The endoscope makes minimally invasive procedures possible.
Endoscopic procedures are performed with special instruments to view certain parts of the body in a way that’s less invasive than traditional surgery. Prior to the widespread use of endoscopic procedures, it was common to perform exploratory surgery to get a better view of internal organs, joints, and other inside areas and cavities.
Patients often benefit from procedures of this nature since many of them can be done on an outpatient basis.
How Are Endoscopic Procedures Performed?
An endoscopy is performed with a flexible tube with a light source and an attached camera called an endoscope. This tube is inserted through one of the body’s cavities or through a small incision in the skin. The images captured from the camera are displayed on a monitor that shows clear, detailed pictures of internal structures. Endoscopies can be done for either diagnostic or treatment purposes. Some procedures are performed with sedation from IV medications, while others require general anesthesia.
What Preparations Are Necessary?
Typically, patients are instructed to not eat or drink anything other than water (fast) for about 6-8 hours before an endoscopy is scheduled. Additional instructions may be given for certain endoscopic procedures.
What Are the Common Types of Endoscopies?
There are many procedures that can be performed with an endoscope. One of the most common ones is an arthroscopy, which is performed through an incision made where a joint is located. For treatment purposes, not every type of joint surgery can be performed with endoscopic techniques. Joint replacement, for example, usually requires more invasive methods. An arthroscopy may also be performed to evaluate, assess, or correct joint damage related to:
With a bronchoscopy, the flexible tube is inserted through the mouth to the large airways of the lungs (bronchial tubes). A colonoscopy may be done to perform a routine screening for colon cancer or remove polyps before they have a chance to become cancerous.
An abnormal Pap smear often results in the need for a colposcopy to view the cervix. A scope is inserted through the urethra that carries urine out of the body when a cystoscopy is performed to view the bladder. Gallstones lodged in the bile and pancreatic ducts that are causing pain may be removed with an endoscopic retrograde cholangiopancreatography (ERCP).
Stomach pain that may be related to esophagus problems, stomach ulcers, celiac disease, or gastroesophageal reflux disease may be diagnosed with esophogealgastroduodenoscopy (EGD). With a laparoscopy, an incision is made in the belly button to access or view abdominal organs. This procedure is sometimes done to remove the appendix or pinpoint possible reasons for infertility. Additional endoscopic procedures include:
- Laryngoscopy: Performed to view the “voice box” (larynx) and look for polyps or signs of laryngeal cancer.

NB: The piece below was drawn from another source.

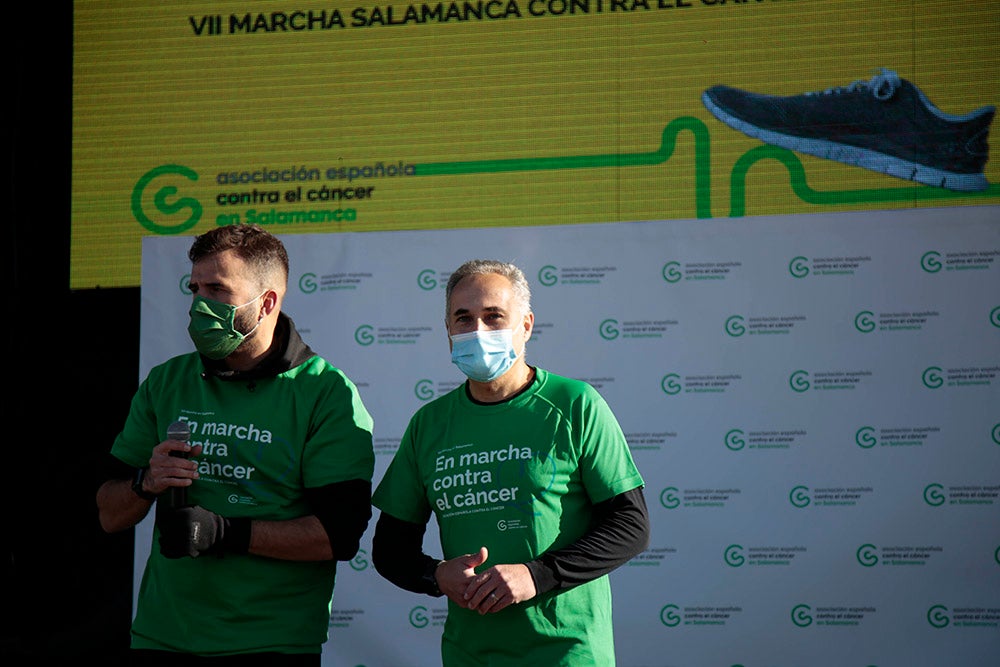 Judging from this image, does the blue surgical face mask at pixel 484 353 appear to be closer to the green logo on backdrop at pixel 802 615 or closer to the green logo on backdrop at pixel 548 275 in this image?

- Proctoscopy: Performed to view the rectum if bleeding is occurring.
- Thoracoscopy: An incision is made in the chest wall to perform a lung biopsy or remove tissues affected by various types of lung cancer.
- Mediastinoscopy: The scope is inserted in the space between the lungs (mediastinum) to determine if cancer may have spread to lymph nodes in this area.
Results from endoscopic procedures are normally used to make an accurate diagnosis or correct a specific problem in a way that’s less invasive. Endoscopies may also be done to determine the progression of a condition that’s being observed, as may be the case with a benign tumor or sinus or throat irregularities. When used for treatment purposes, endoscopic procedures often result in less infection risk and a faster healing and recovery period.